На следующее утро весь мой задний двор был заставлен изящными железными столиками и стульями, спертыми у богатых соседей и в окрестных кафе. К подарку прилагалась коротенькая записка: «украдено для твоего удовольствия… всегда в твоем распоряжении… Эдвард Рекс…». В жопу цветы. Эдди ухаживал оригинально – преподнес мне садовую мебель. И тем более ценно, что он все это украл.
Он пришел ровно в девять. Военные сапоги до колен, черная рубашка, красная повязка на рукаве, неистовая эрекция. Влажная мечта фетишистки. Культурный, воспитанный, развитой не по годам, самозваный Гитлер‑Юрген. Семнадцать лет. Он прожил у меня полтора года, только изредка отлучаясь домой, чтобы забрать свои книги, одежду и пообщаться с двенадцатилетним братом.

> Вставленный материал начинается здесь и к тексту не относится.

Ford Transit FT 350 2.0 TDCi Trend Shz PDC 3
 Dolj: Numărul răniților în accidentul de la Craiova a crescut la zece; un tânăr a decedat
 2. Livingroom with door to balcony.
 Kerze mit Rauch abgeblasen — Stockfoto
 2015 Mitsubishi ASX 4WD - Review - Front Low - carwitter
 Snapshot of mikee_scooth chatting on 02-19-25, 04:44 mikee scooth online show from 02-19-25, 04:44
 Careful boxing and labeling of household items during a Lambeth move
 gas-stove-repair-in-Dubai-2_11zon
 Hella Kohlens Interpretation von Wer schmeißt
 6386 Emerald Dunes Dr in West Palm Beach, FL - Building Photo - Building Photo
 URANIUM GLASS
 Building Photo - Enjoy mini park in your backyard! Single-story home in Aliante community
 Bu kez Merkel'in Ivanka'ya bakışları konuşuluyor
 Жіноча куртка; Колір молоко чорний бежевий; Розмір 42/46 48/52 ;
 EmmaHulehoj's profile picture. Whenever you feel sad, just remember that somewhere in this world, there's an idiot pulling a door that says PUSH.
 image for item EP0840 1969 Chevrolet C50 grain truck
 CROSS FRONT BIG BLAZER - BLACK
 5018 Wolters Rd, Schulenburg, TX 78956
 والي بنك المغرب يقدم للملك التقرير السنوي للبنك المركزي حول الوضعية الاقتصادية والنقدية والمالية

Оказалось, что его тоже интересует тайная жизнь неодушевленных вещей. Постоянно таскал домой всякий ржавый хлам, завороженный процессами возрождения, разложения, регенерации. Мы шили маленькие мешочки для талисманов «на удачу» и наполняли их сильными травами, березовой корой, крылышками цикад, зубами, мелкими косточками. Белое ведьмовство, скомпонованное вокруг чистой юношеской интуиции. Во мне вновь пробудились вампирические наклонности – я опять стала пить кровь солнца (сына). ((прим.переводчика: в английском слова sun – солнце и son – сын произносятся одинаково.))
Это было божественно – когда рядом был человек, который в силу своей неопытности пока еще не замкнулся в порочном круге из любви, ярости, энтропии, выздоровления, любви, ярости, энтропии и т.д… в том самом круге, в котором вертелась и я сама и все, кого я знала.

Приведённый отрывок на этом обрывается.